DATELINE: 24 MAY 2019, KODOK, SOUTH SUDAN

SHOTLIST:

1. Wide shot, Kodok secondary school
2. Wide shot, soldiers and women vacating the occupied classes
3. Wide shot, a vacated class with remnants of chickens and other things
4. Med shot, soldiers carry belongings
5. Med shot, a UN staff reading out the content of the document to be signed
6, Various shots, signing of document by Division 2 commander and Minister of Education
7. Med shot, shaking hands and exchanging the signed document
8. SOUNDBITE (English) Major General Akol Majok, Division 2 SSPDF Commander in Upper Nile Region:
“We don’t want to do this thing in darkness because we want to tell the world, the region that we are for peace and we are vacating the school because our presence in the school here, is giving a lot of excuses even to the donors. If you talk about education, they say no, schools are being occupied by soldiers.”
9. Pan right, civil authorities and military officials
10. SOUNDBITE (English) James Lwanya, State Minister of Education:
“This day was a historical day; we have been waiting for this day since the beginning of the scholastic year. As you are aware the school was an armed barracks since 2013, depending on who was controlling the area – rebels or the government. So, now today we [have handed over] the school, and the facilities need a lot of things to be done.”
11. Med shot, UN officials witnessed and signed the document
12. SOUNDBITE (English) Alfred Orono, Chief, Child Protection Section, UNMISS:
“Our job is very simple: to plead with the national authorities, to plead with the military and work together with them to ensure that the schools are vacated; they not being used during the war; the children are not used in armed forces, they are not raped, they are not abducted.”
13. Pan right, soldier carrying belongings
14. Med shot, Mary Barnaba Deng singing a song to promote education
15. Wide shot, soldier carrying belongings
16. SOUNDBITE (Arabic) Mary Barnaba Deng Kot, Women Representative:
“I am happy today because there is rehabilitation and people returning home and now the school will reopen for the secondary education. In 1979, I was a student in this school, sat for my exams and promoted to Malakal Senior School.”
17. Wide shot, state and military officials.

STORYLINE:

An agreement was signed today (24 May) in Kodok, South Sudan, returning a school building to civilian use after being used as barracks for different armed groups during the past five years.

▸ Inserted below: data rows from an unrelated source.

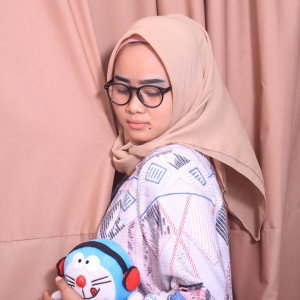 Inna Alshop profile icon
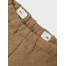Pantalone Bimbo 2-18m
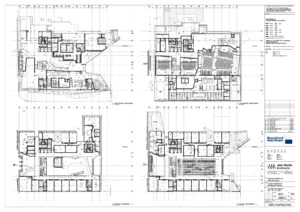 https://archive.abp.unimelb.edu.au/objects/pdfs/Post-construction/Drawings/Architectural drawings - as-built/AR-0610-A.pdf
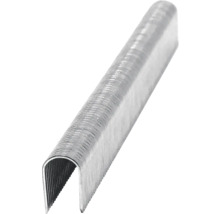 Capse zincate Jc Schwarz 502/12mm, 500 buc.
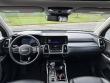 2023 Kia Sorento SX SUV
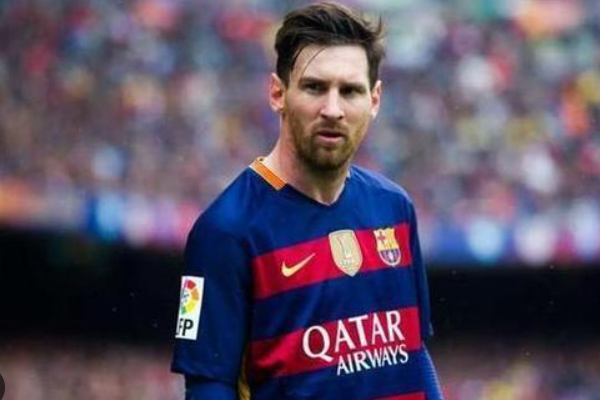 足壇現(xiàn)役影響力最高的球星是誰？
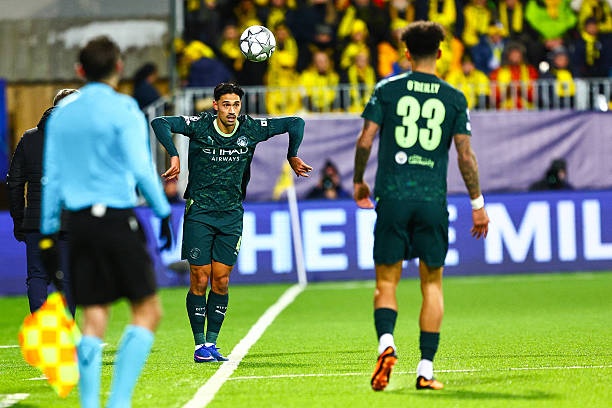Nhận định nóng man city đấu với chelsea hôm nay – Dự đoán kết quả, đội hình và phân tích chiến thuật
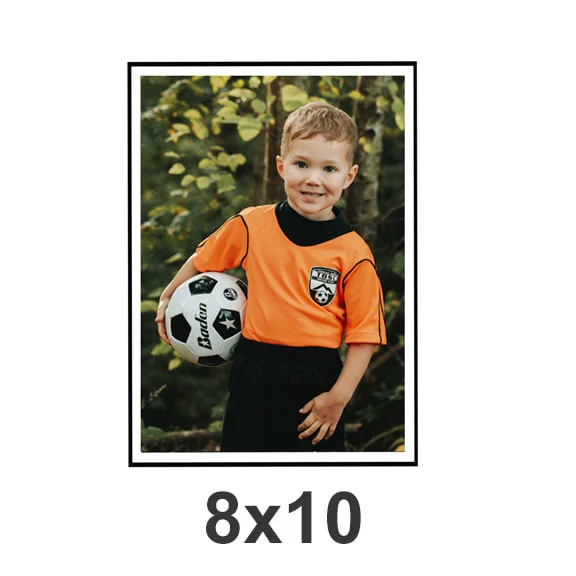 Individual Portrait - 8x10 | 8x10.jpg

Instead of children, chickens, cooking stones and beds had taken over the classrooms. Not anymore, as soldiers from the South Sudan People’s Defense Forces carry their wares and vacate the school premises.

A declaration in place, officials sign the all-important document.

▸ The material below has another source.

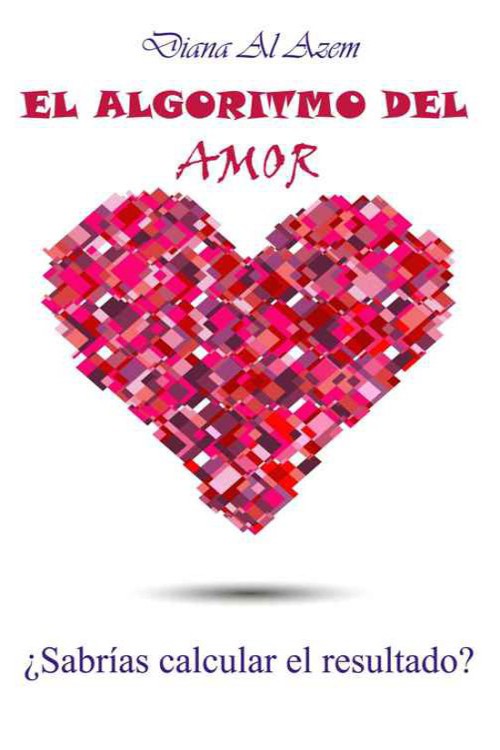 El algoritmo del amor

SOUNDBITE (English) Major General Akol Majok, Division 2 SSPDF Commander in Upper Nile Region:
“We don’t want to do this thing in darkness because we want to tell the world, the region that we are for peace and we are vacating the school because our presence in the school here, is giving a lot of excuses even to the donors. If you talk about education, they say no, schools are being occupied by soldiers.”

It is a big day for the children of Fashoda, as acknowledged by the area Minister of Education.

SOUNDBITE (English) James Lwanya, State Minister of Education:
“This day was a historical day; we have been waiting for this day since the beginning of the scholastic year. As you are aware the school was an armed barracks since 2013, depending on who was controlling the area – rebels or the government. So, now today we [have handed over] the school, and the facilities need a lot of things to be done.”

Witnessing for the UN were representatives of UNICEF – the UN children’s agency – and the Child Protection Unit of the UN Mission in South Sudan.

SOUNDBITE (English) Alfred Orono, Chief, Child Protection Section, UNMISS:
“Our job is very simple: to plead with the national authorities, to plead with the military and work together with them to ensure that the schools are vacated; they not being used during the war; the children are not used in armed forces, they are not raped, they are not abducted.”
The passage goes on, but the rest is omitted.